Source: Massive (polygon.io)
EUR/USD is under sustained pressure, declining 0.4% to 1.1668 as the pair broke below a critical confluence of moving averages near 1.1700—a zone that now represents immediate overhead resistance. The selloff has been driven by four consecutive sessions of dollar strength, fuelled by hotter-than-expected US inflation data (CPI near 3.7-3.8% YoY, PPI surging 1.4% MoM) and resilient consumer spending, which have pushed markets to price a 37% probability of a Fed rate hike by December while eliminating any prospect of cuts through 2026.
On the European side, the ECB faces its own inflationary challenge with eurozone CPI jumping to 3% in April amid the Strait of Hormuz energy shock, and markets now price an 80% probability of a 25bp hike at the June 11 meeting. However, the euro has been unable to capitalize on this hawkish repricing because the rate differential still favours the dollar, and the eurozone confronts structural headwinds including deteriorating terms of trade from elevated energy import costs and weak manufacturing activity.
The technical picture reinforces the bearish bias, with RSI dropping to approximately 45 and the negatively skewed intraday distribution suggesting persistent selling pressure; a bearish continuation targets support near 1.1633 and potentially 1.1450. The pair's trajectory will likely depend on whether the ECB's anticipated tightening cycle can sufficiently narrow the transatlantic rate gap, or whether safe-haven dollar demand—supported by geopolitical uncertainty and the risk of an equity market correction—drives further euro weakness.
USD / JPY

Source: Massive (polygon.io)
The USD/JPY pair continues to be driven by the powerful monetary policy divergence between the Federal Reserve and the Bank of Japan. US inflation data has been running hot, with April PPI surging 1.4% month-over-month, prompting markets to price in potential Fed tightening rather than cuts, while the BOJ maintains a cautious normalization path despite rising Japanese government bond yields reaching 2.635% on the 10-year JGB. The carry trade remains firmly entrenched as investors borrow at Japan's low rates to invest in higher-yielding dollar assets, reinforcing yen weakness.
From a technical perspective, USD/JPY has climbed to 158.35, reclaiming the 20-day SMA at 158.18 as support, and now faces a critical resistance confluence at 158.52 and the 50-day moving average at 158.78. A decisive break above this zone could open the path toward 159.25, while failure here risks a pullback toward the 157.65 support level.
Japanese authorities have spent nearly 10 trillion yen in recent interventions to arrest yen weakness, with US Treasury Secretary Bessent providing explicit support for Tokyo's efforts, yet Bank of New York Mellon has warned that sustainable stabilization requires coordinated policy action rather than unilateral intervention alone.
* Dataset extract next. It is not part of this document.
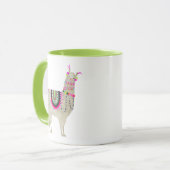 Llamarama Collection | Niedlich Lllamas Tasse (Vorderseite Links)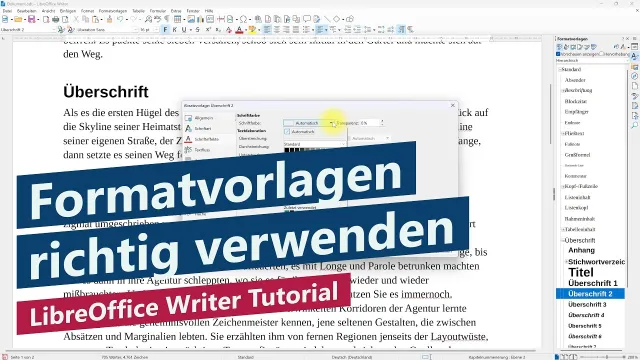 Formatvorlagen richtig nutzen – LibreOffice Writer Tutorial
Until either the BOJ delivers more aggressive tightening or US inflation pressures convincingly moderate, the fundamental forces favouring dollar strength against the yen remain firmly in place.
GBP / USD

Source: Massive (polygon.io)
GBP/USD has come under significant pressure, declining approximately 0.9% to 1.3399 as a combination of UK political instability and renewed US dollar strength converges against sterling. The resignation of Health Secretary Wes Streeting has deepened the political crisis facing Prime Minister Starmer, with multiple major banks warning that political risk has become the dominant driver of sterling volatility, eclipsing traditionally supportive economic data including Q1 GDP growth of 0.6%.
From the US side, hotter-than-expected April CPI at 3.8% and a PPI surge of 1.4% month-on-month have significantly reduced expectations for near-term rate cuts, with Fed funds futures pricing a 95.9% probability of a hold at the June meeting. This monetary policy divergence between a potentially still-tightening Fed and a Bank of England constrained by both inflation and political uncertainty represents a structural headwind for sterling.
Technically, the pair now trades below all moving averages, while the daily RSI has plunged to approximately 40, signalling building bearish momentum. If the pair breaks below 1.3400, it could trigger a fresh wave of selling pressure. Meanwhile, support at this level could prompt a modest retracement toward the moving averages, which now act as overhead resistance.